-- Dataset excerpts follows --
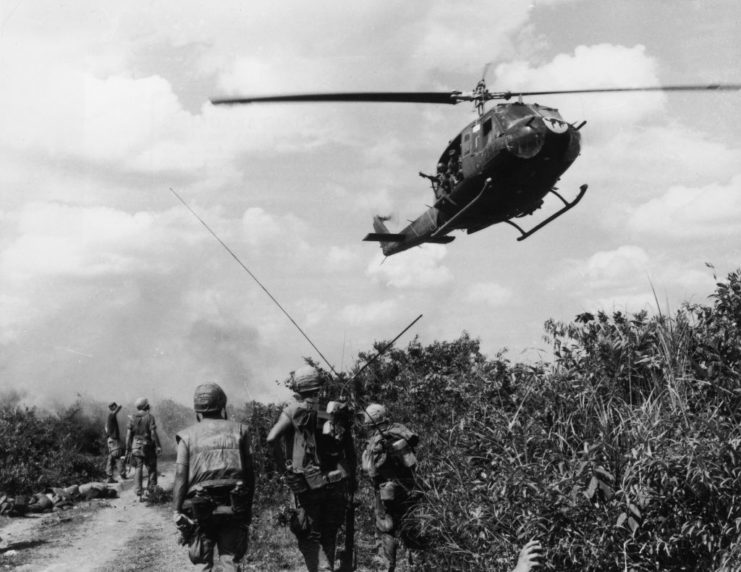 US Marines walking along a path while a US Huey helicopter flies overhead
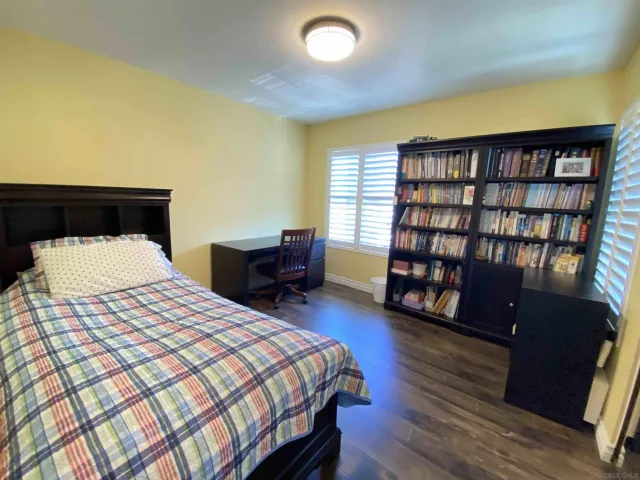 a bedroom with a bed furniture and a book shelf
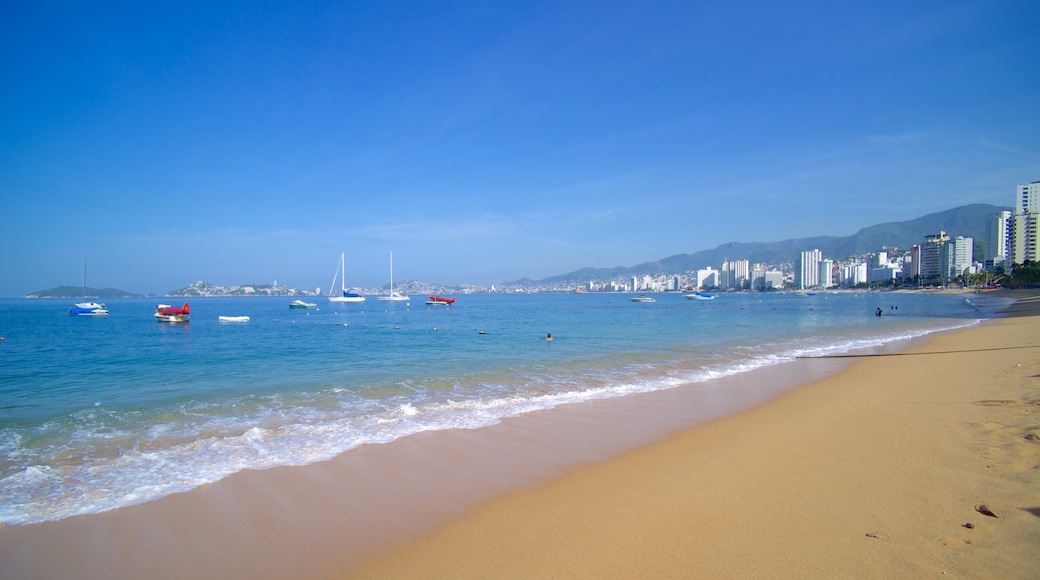 Icacos Beach showing a coastal town, a city and a beach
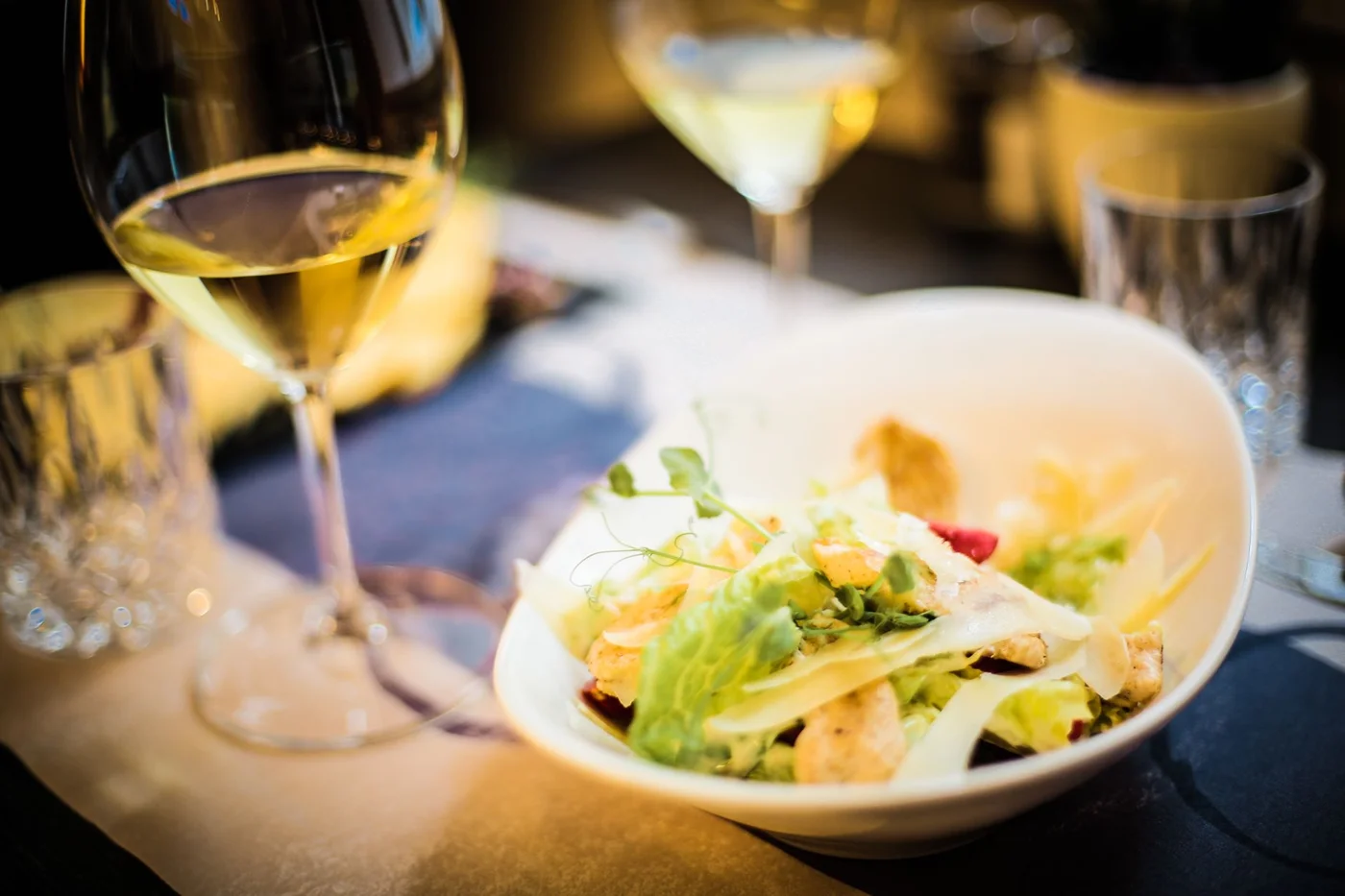 Seasonal salad and glasses of white wine on a dinner party table served at home by a private chef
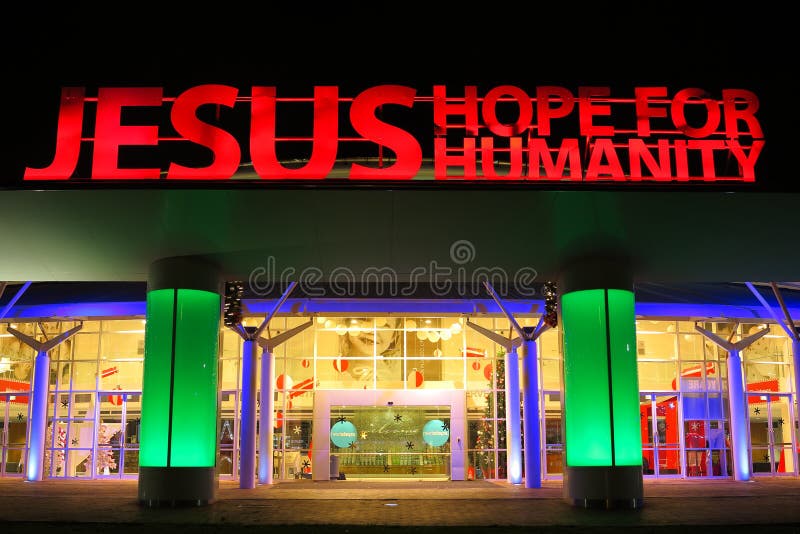 Hillsong church main entrance by night. Illuminated Hillsong Church main entrance of the Convention center in Sydney, Australia, by night with the sign: JESUS stock photos Hillsong church main entrance by night. Illuminated Hillsong Church main entrance of the Convention center in Sydney, Australia, by night with the sign: JESUS stock photos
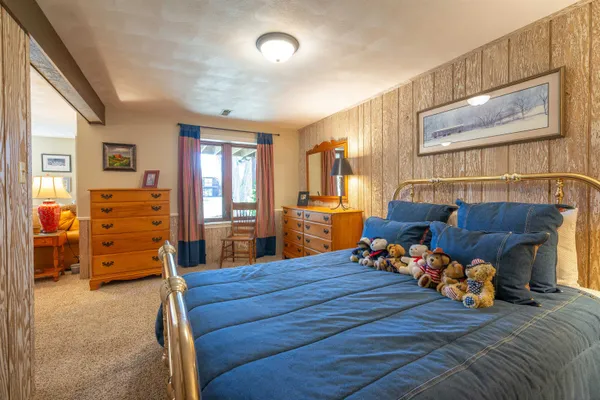 a bed room with furniture and a flat screen tv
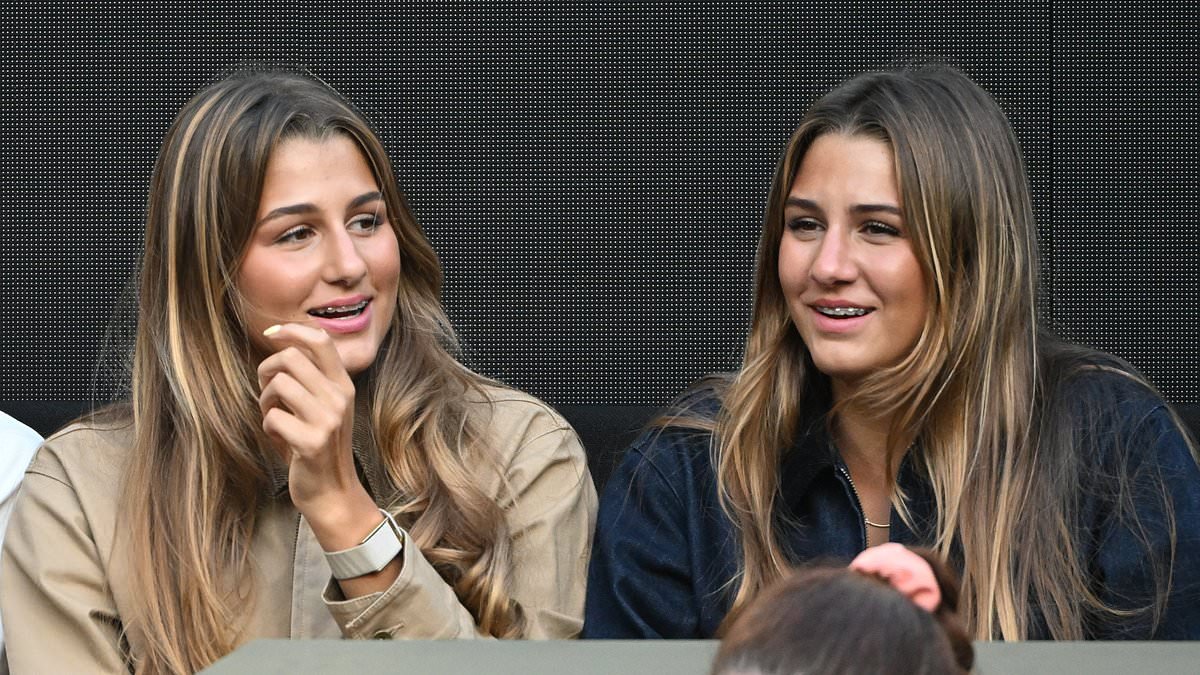 The rarely-seen twin sisters gripped by Australian Open tennis action - with a VERY famous dad! So can YOU guess who their legendary father is?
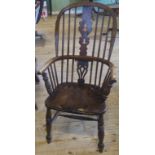 A 19th century oak hooped back Windsor armchair.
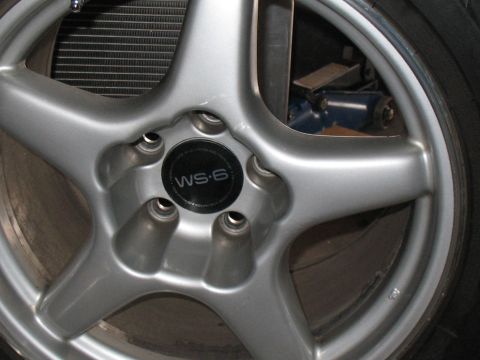 2001 Pontiac Trans Am - A close-up of a wheel a WS-6 center cap, with a radiator visible in the background.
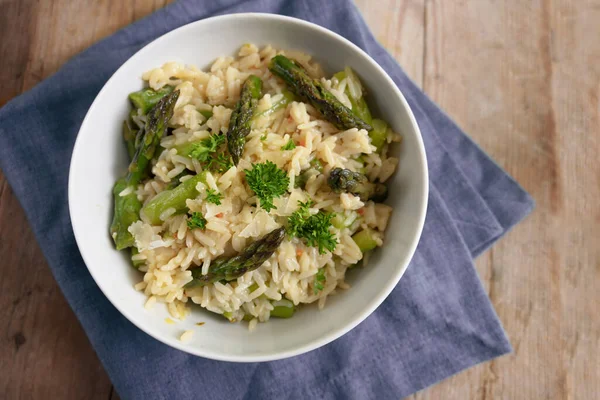 Risotto Zöld Spárgával Parmezánnal Petrezselyemmel Díszítve Fehér Tálban Szalvétára Rusztikus — Stock Fotó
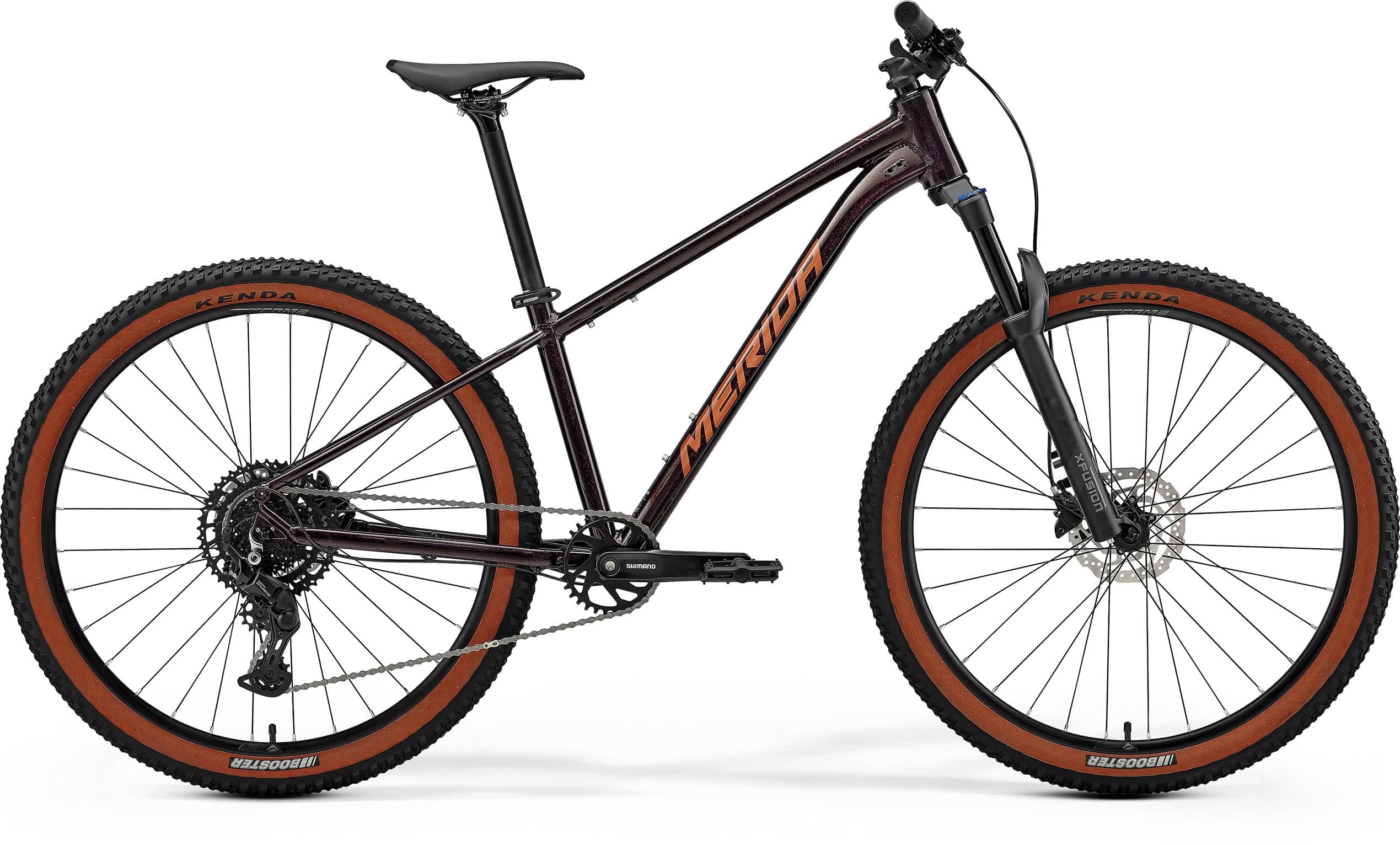 Merida Big Seven 40 MY26 aluminium hardtail mountain bike with Shimano drivetrain, black and red frame, outdoor riding scene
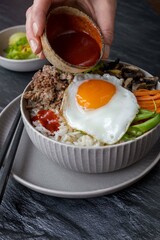 Traditional Korean dish - bibimbap , rice bowl with vegetables , egg and ground beef.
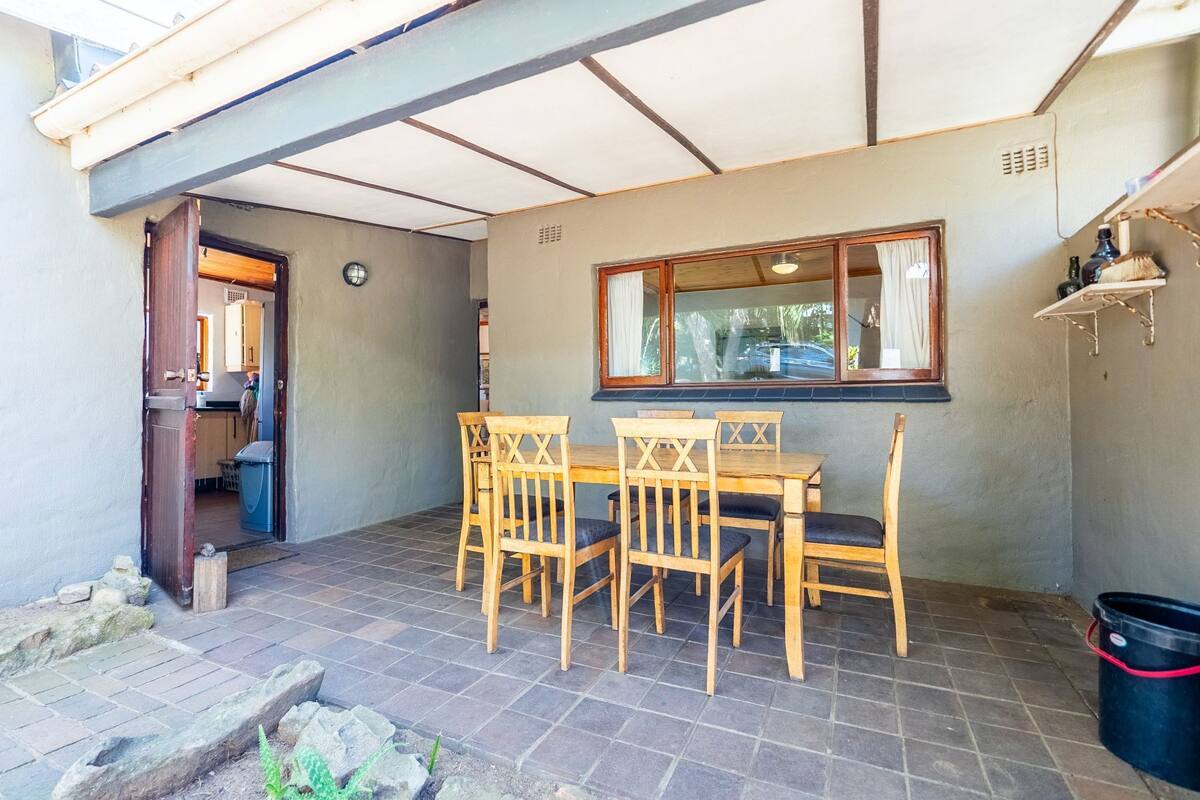 A covered patio area with a wooden table and chairs, a window with curtains, and a black trash bin.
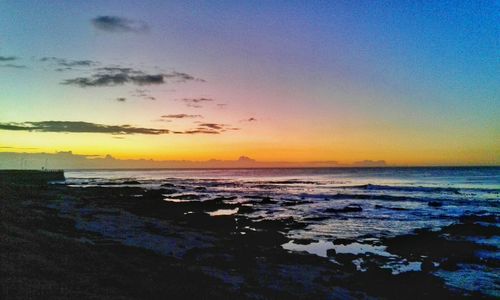 Scenic view of sea against dramatic sky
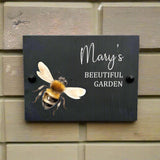 Personalised Slate Garden House Sign Featuring a Printed Honey Bee Illustration. Custom Rectangular Design With the Name "Mary's" and a message "Beeutiful Garden". Displayed against a Brick Wall Background.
-- Dataset excerpts concluded --
### Task item
Up to and including the line containing "2001 Pontiac Trans", quote each line of the entries above from the very first, please, exactly and without images.

### Written solution
 US Marines walking along a path while a US Huey helicopter flies overhead
 a bedroom with a bed furniture and a book shelf
 Icacos Beach showing a coastal town, a city and a beach
 Seasonal salad and glasses of white wine on a dinner party table served at home by a private chef
 Hillsong church main entrance by night. Illuminated Hillsong Church main entrance of the Convention center in Sydney, Australia, by night with the sign: JESUS stock photos Hillsong church main entrance by night. Illuminated Hillsong Church main entrance of the Convention center in Sydney, Australia, by night with the sign: JESUS stock photos
 a bed room with furniture and a flat screen tv
 The rarely-seen twin sisters gripped by Australian Open tennis action - with a VERY famous dad! So can YOU guess who their legendary father is?
 A 19th century oak hooped back Windsor armchair.
 2001 Pontiac Trans Am - A close-up of a wheel a WS-6 center cap, with a radiator visible in the background.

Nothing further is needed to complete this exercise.